The issues according to Busted Halo

  • Voting for the one who can win, or the one who should lead. “Do you hold your nose and vote for [fill in the blank], or do you insist that character matters and go for the candidate who will doubtlessly lose?”
  • Striking first or diplomacy. How do we respond to the development of policies advocating “pre-emptive military strikes” and favoring “my way-or-the-highway” tactics in relation to the international community?
  • Government snooping or government facilitating. How do we “balance security with personal freedom”? Where does keeping us safe encroach upon our civil rights, and what about the civil rights of non-U.S. citizens?
  • Exploitation or immigration. We want to tighten our borders and at the same time we want inexpensive labor for our fields, our hotels, our comfort. Do we understand “how dependent our economy is on immigrant labor and the need to offer these folks basic dignity”?

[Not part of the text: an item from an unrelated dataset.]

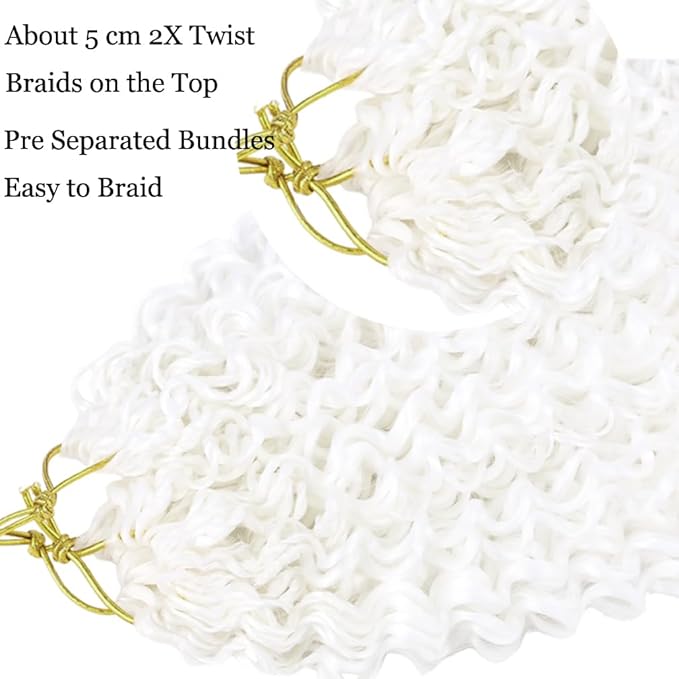 Passion Twist Hair Extensions White Curly Crochet Hair 12 Inch Short Curly Braiding Hair 3 Packs Crochet Braids with Curls for Black Women(12",60#)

  • Freedom of speech or license to abuse. The explosion of communications media raises many questions about internet porn, copyright issues, and about media ownership monopolies. How do we acknowledge our freedom to communicate and create and at the same insist on their responsible use?
  • Money in our pockets or in our communities. The combination of an ailing economy and tax cuts adversely affects the poorest and the weakest. Cuts in education and health-care are rampant, with the resulting lack of funding for schools, meal programs, trauma centers, etc. How do we look carefully at getting the most bang for our buck in terms of where public funds need to be invested?
  • A culture of life or a culture of death. Our policies are inconsistent, seeking to protect life in some instances, recklessly destroying life in others. How do we connect the issues so our positions on abortion, the death penalty, euthanasia, cloning, hunger, and war defend, protect and celebrate life in a coherent way, shining a light of higher truth in the face of the devaluation of human life?

The year in talking
During this election year, we want to do our part in promoting conversation, difficult as it may sometimes be. Busted Halo will be presenting essays, forums, and some investigative reports on these issues. We want to brainstorm together ways to get ourselves out from “under the bushel” (Matthew 5:15) and spread around some light. 2004 here we come.